Dans votre pays, la distinction entre communication publique et communication politique est-elle claire ? Si oui, comment définissez-vous chacun des termes ?

(HB) : Au Canada comme en France, distinguer la communication politique de la communication publique, n’est pas chose simple pour ne pas dire difficile.

Si les règles et les modalités d’exercice de la communication publique et politique sont différentes, il n’en demeure pas moins que les deux s’exercent dans la sphère du débat public. Elles sont interdépendantes et en perpétuelle interaction.

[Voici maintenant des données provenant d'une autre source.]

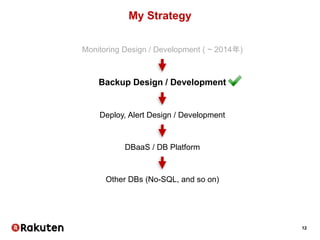 12
My Strategy
Monitoring Design / Development ( ~ 2014年)
Backup Design / Development
Deploy, Alert Design / Development
DBaaS / DB Platform
Other DBs (No-SQL, and so on)
 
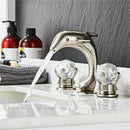 DecorBites™ Gold Basin Faucet: Brass Nickel Dolphin Bathroom Sink Faucet, 3 Hole Widespread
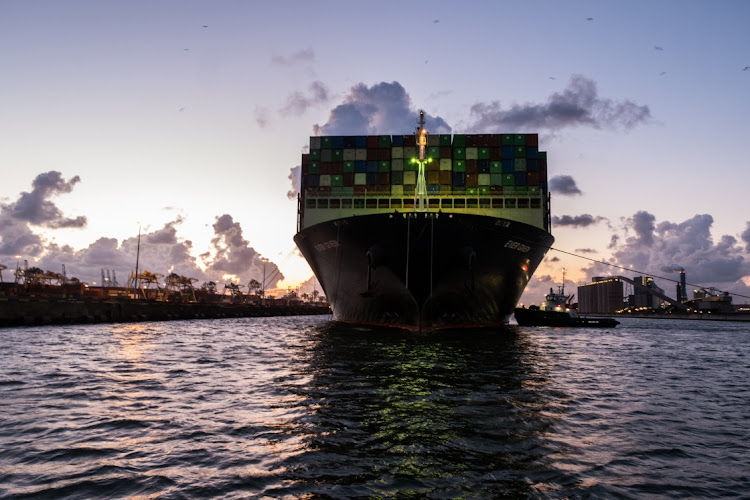 The Ever Given arrives after 145 days at the Europoort harbour on July 29, 2021 in Rotterdam, Netherlands.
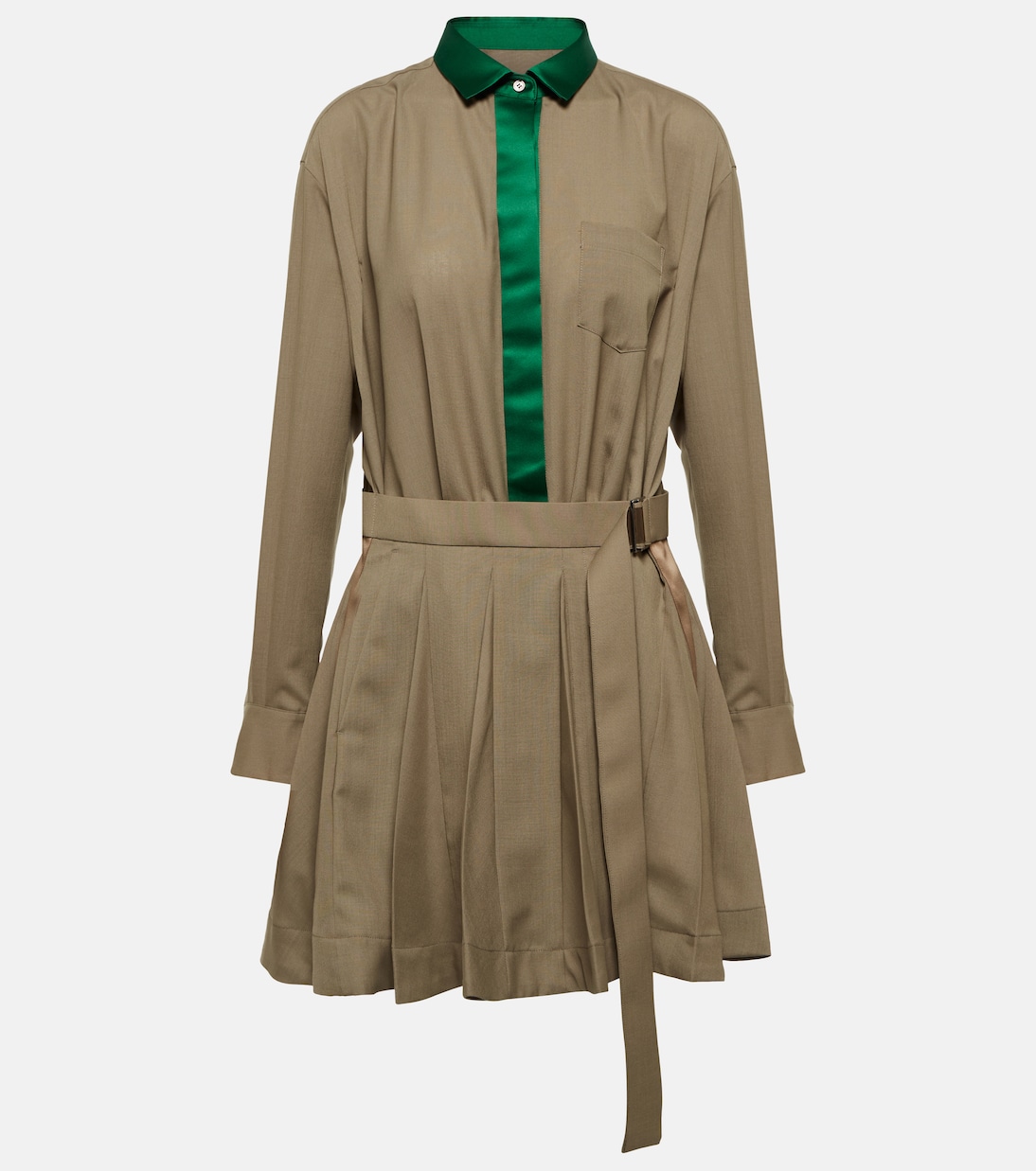 Мини-платье с плиссированной атласной отделкой Sacai, бежевый
Мини-платье с плиссированной атласной отделкой Sacai, бежевый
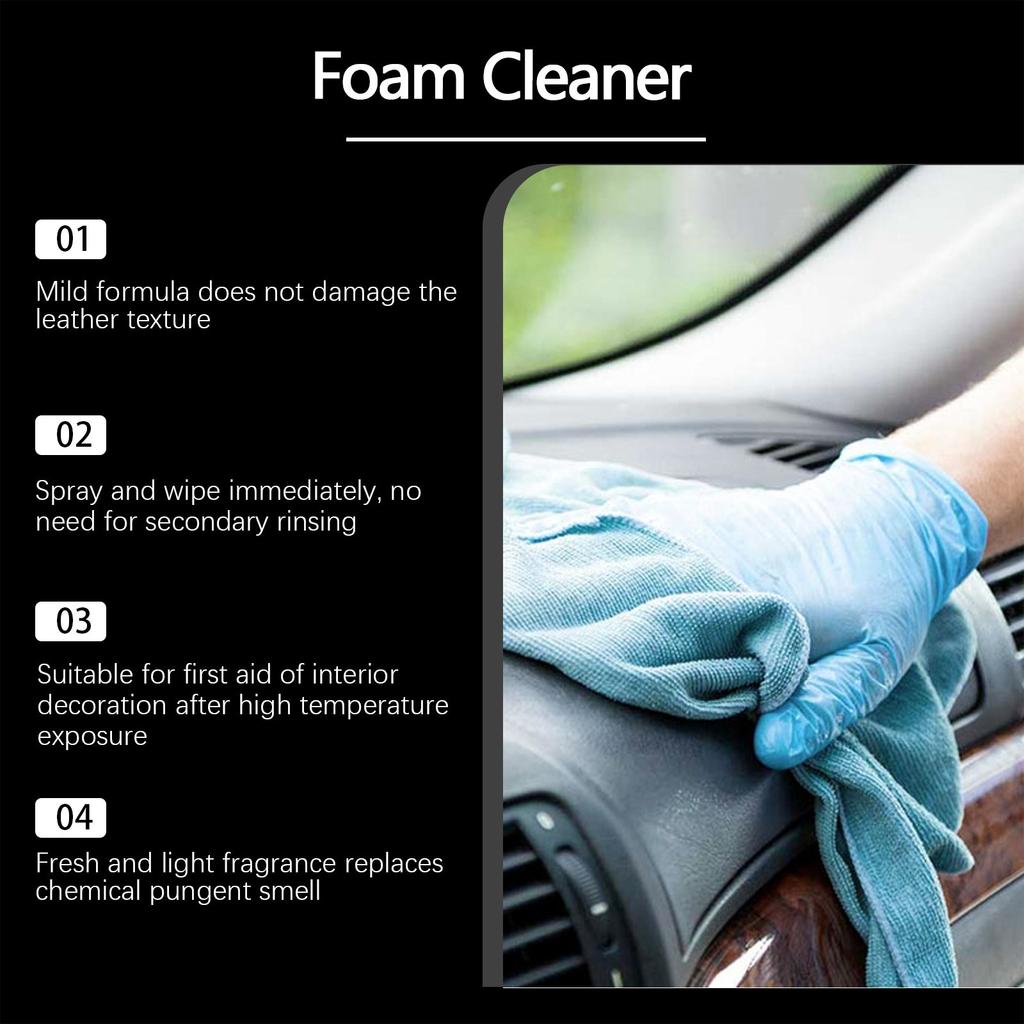Car Interior Cleaning Spray Mild Cleaning Decontamination Maintenance Leather Fabric Plastic Universal Portable 100ml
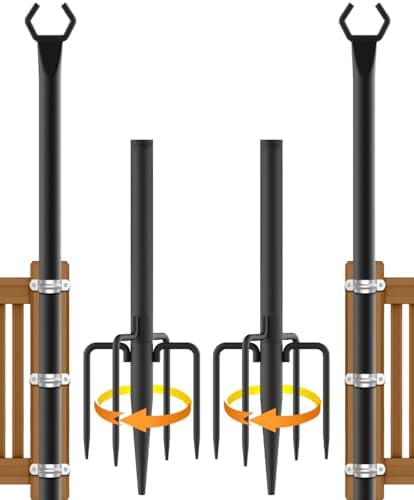 NUERPO String Light Poles,Metal Poles for Hanging Outdoor Light Strings, Light Poles Stand for Outside Garden,Patio,Wedding,Backyard,Deck,Party (2 Pack 10 FT Light Poles) by NUERPO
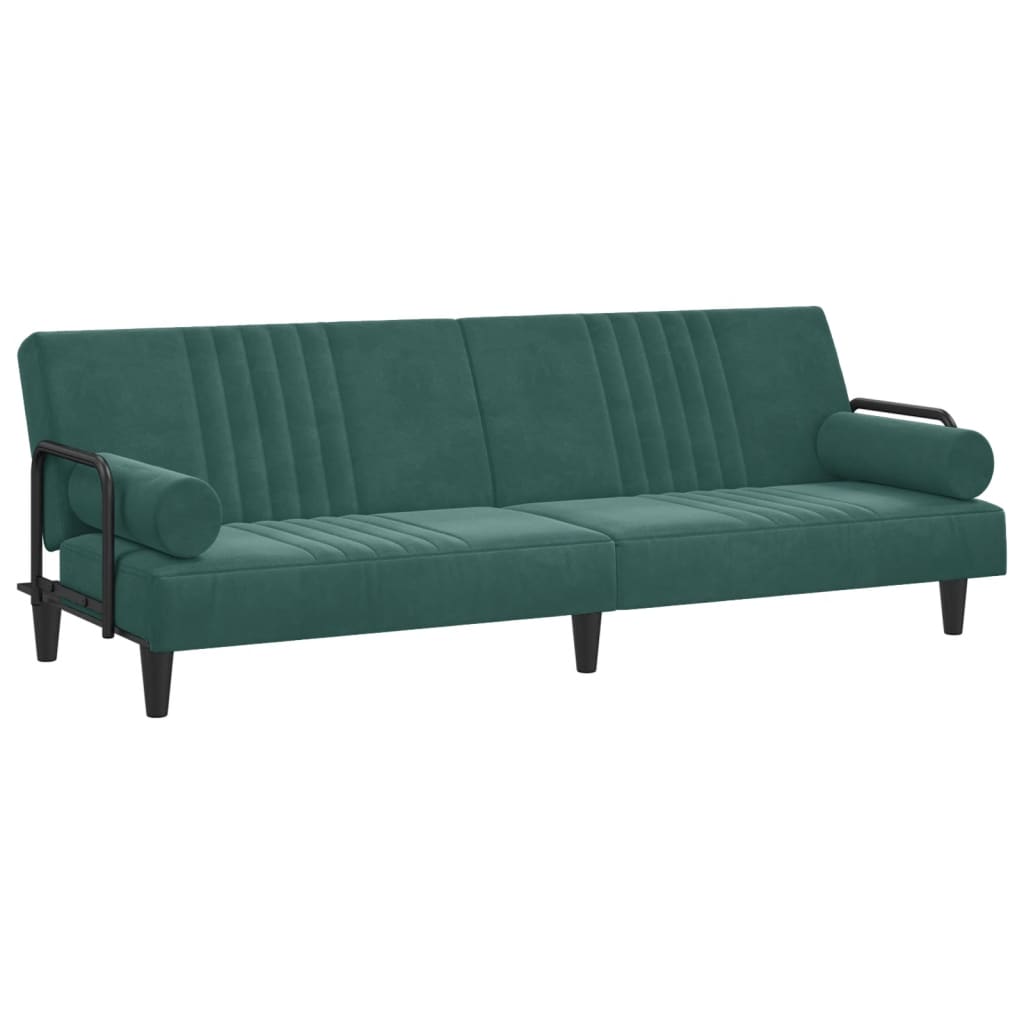 Divano Letto con Braccioli Verde Scuro in Velluto 351896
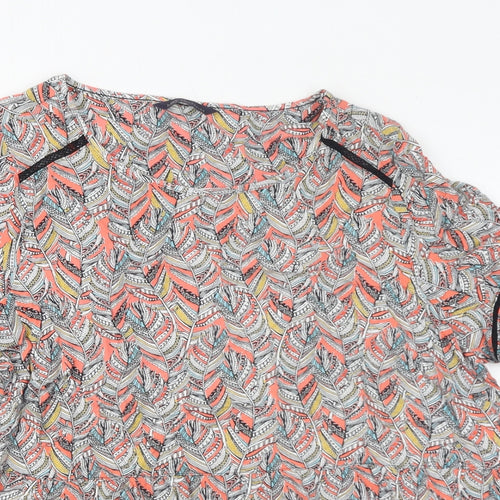 Marks and Spencer Womens Multicoloured Geometric Viscose Basic Blouse Size 18 Round Neck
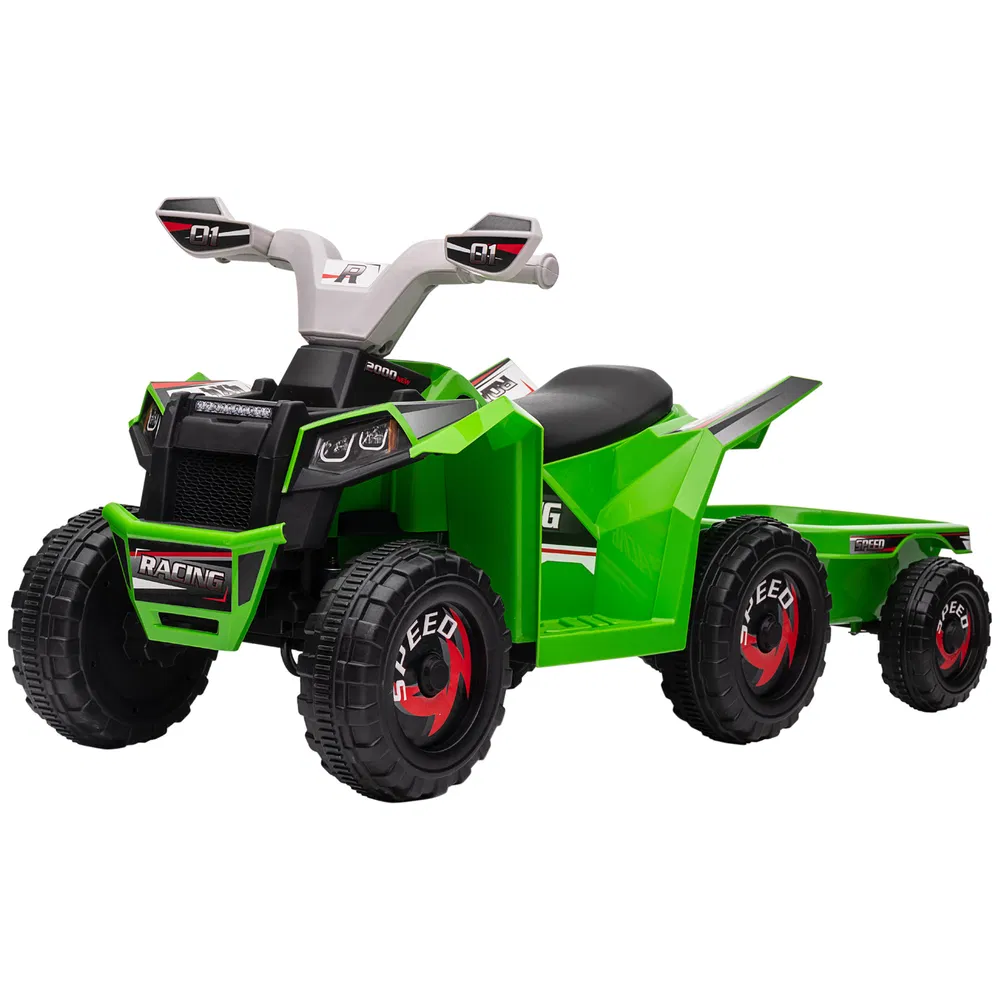 6V Electric Toy Car with Back Trailer, Forward Backward, Wear-Resistant Wheels for Ages 18-36 Months, Green photo 2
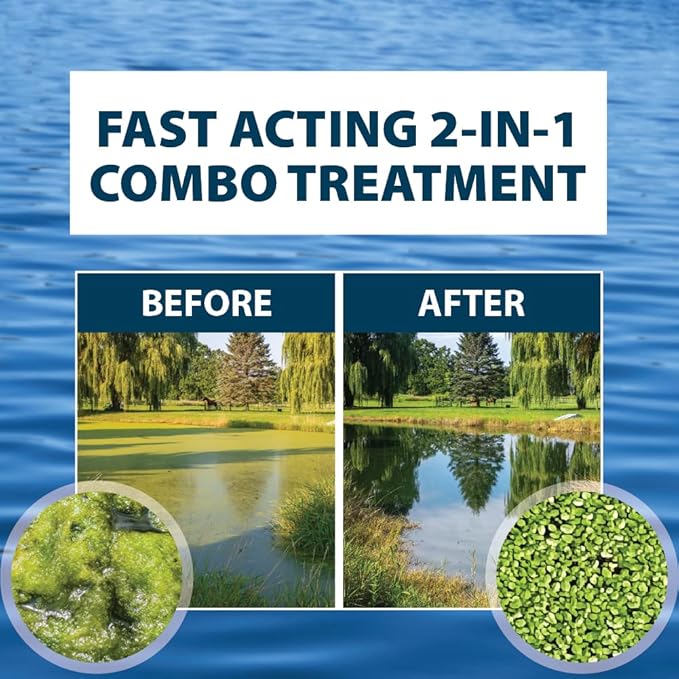 Airmax Knockdown Defense 2-in-1 Liquid Pond Algae Control, Effective & Fast Acting Algaecide, Aquatic Weed Treatment for Clear Water in Ponds & Lakes, Liquid Formulation, 16 oz with Treatment Booster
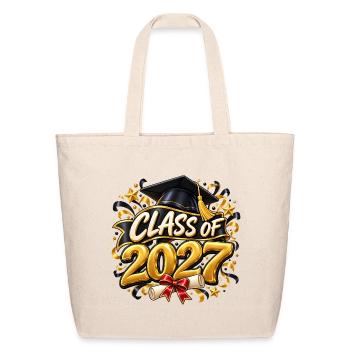 Class of 2027 Graduation Gold - Eco-Friendly Cotton Tote - natural - Front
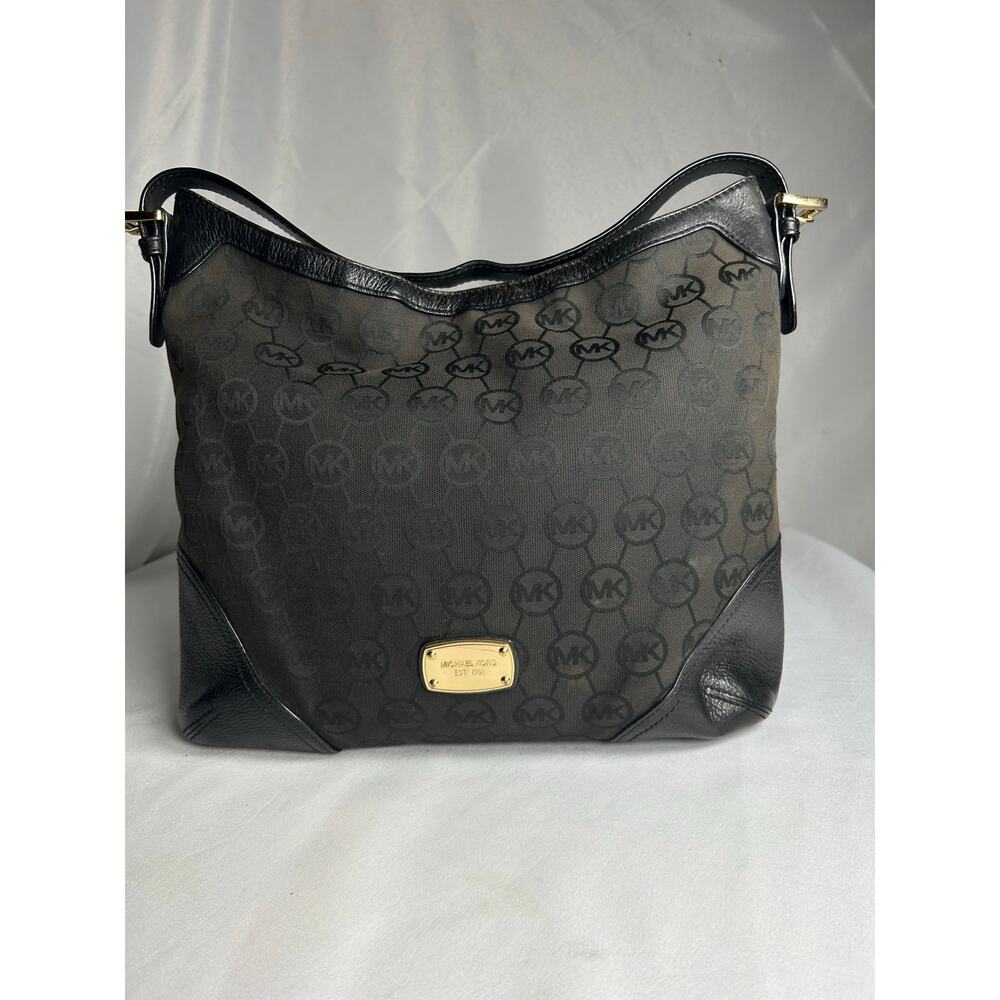 MICHAEL KORS Black Signature Canvas and Leather Millbrook Hobo Tote Bag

Afin de mettre en évidence cette différence, nous reprendrons les propos de Lavigne (2008) quand il considère la communication politique comme l’une des principales formes discursives de communication publique. Dans la majorité de ses travaux, ce dernier la présente comme le moyen stratégique et l’institution de la communication publique des dynamiques du pouvoir d’une société (2008, p. 233). Autrement dit, la communication publique est la mise en pratique du discours politique. C’est l’expression des institutions publiques non pas lorsqu’elles exercent le pouvoir public, mais lorsqu’elles tentent de le conquérir en l’argumentant.

Bibliographie :

  • Agbobli, C. (2009). Accommodements raisonnables, médias et communication. Dans Perraton, C. et Bonenfant, M. (2009). Vivre ensemble dans 1 espace public, Québec : Presses de l’Université du Québec. p. 121-137
  • Giasson, T. & Nadeau, R. (2003). Les médias et le malaise démocratique au Canada », Institut de recherche en politiques publiques, 9(1), 32 p.
  • Lavigne, A. (2008). Suggestion d’une modélisation de la communication publique : principales formes discursives et exemples de pratiques », Les Cahiers du journalisme, 18, p. 232-245.
  • Muxel, A. (2007). L’abstention : déficit démocratique ou vitalité politique ?» Pouvoirs, n° 120, p. 43 -55.
  • Quirion, M. & et Giasson, T. (2011). Le Parti Québécois et le marketing de la confiance, communication présentée dans le cadre du Congrès de l’Association canadienne de science politique, Waterloo. Récupéré le 03 avril 2013 de https://www.cpsa-acsp.ca/papers-2011/Quirion-Giasson.pdf
  • Rangeon, F. (1991). Communication politique et légitimité. La communication politique, Centre universitaire de recherches administratives et politiques de Picardie (CURAPP). Paris, PUF, 1991, p. 99-114.
  • Stoiciu, G. (2009). Modèles de gestion du pluralisme : grandeurs et misères. Dans C. et M. Bonenfant (dir.) (2009). Vivre ensemble dans l’espace public, Québec, Presses de l’Université du Québec, coll. Cahiers du gerse.
  • Wolton D. (1995). Les contradictions de la communication politique”, Hermès, n°17-18, Communication et politique, p. 107-124.
  • Wolton, D. (1989). La communication politique : construction d’un modèle. Hermès, 4, p.27-42.